Dependability Analysis Using Temporal Fault Trees and Monte Carlo Simulation

The safety and reliability of high-consequence systems is an issue of utmost importance to engineers because such systems can have catastrophic effects if they fail. Fault Tree Analysis (FTA) is a well-known probabilistic technique for assessing the reliability of safety-critical systems. Standard FTA approaches are primarily static analysis techniques and as such cannot effectively model systems with dynamic behaviours, such as those with standby components or multiple modes of operation. There have been several efforts to address this limitation, one of which is Pandora, a temporal fault tree approach. Pandora uses three temporal gates—Priority-AND, Simultaneous-AND, and Priority-OR—to model the effects of sequences of events. Hitherto, Pandora was unable to perform a holistic evaluation of a full system that is repairable, taking account of useful system operating environment variables (such as time of operation, flow rate, etc.) or system data such as repair state and preventive maintenance. This paper aims to address these limitations.
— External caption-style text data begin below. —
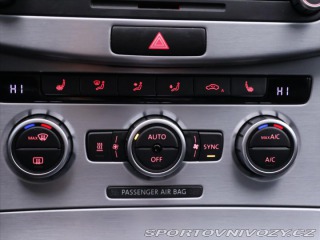 Volkswagen CC 2,0 TDI 130kW DSG 4M CZ 2013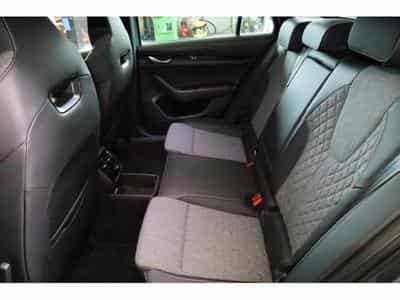 Skoda Octavia Sportline (2024) - Photo 7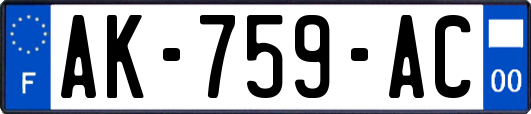 AK-759-AC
Algorithms to evaluate different system configurations have been generated and techniques for modelling and analyzing different system data in a simulation platform have been proposed. This paper extends the capabilities of Pandora so that it is capable of analyzing a modern system that features different failure modes, has diverse component failure distributions, considers the system’s operation environment data, and models different system configurations. The outcome of such analysis enables analysts to understand the operation and dynamics of a system holistically and aids in the implementation of appropriate risk mitigating strategies.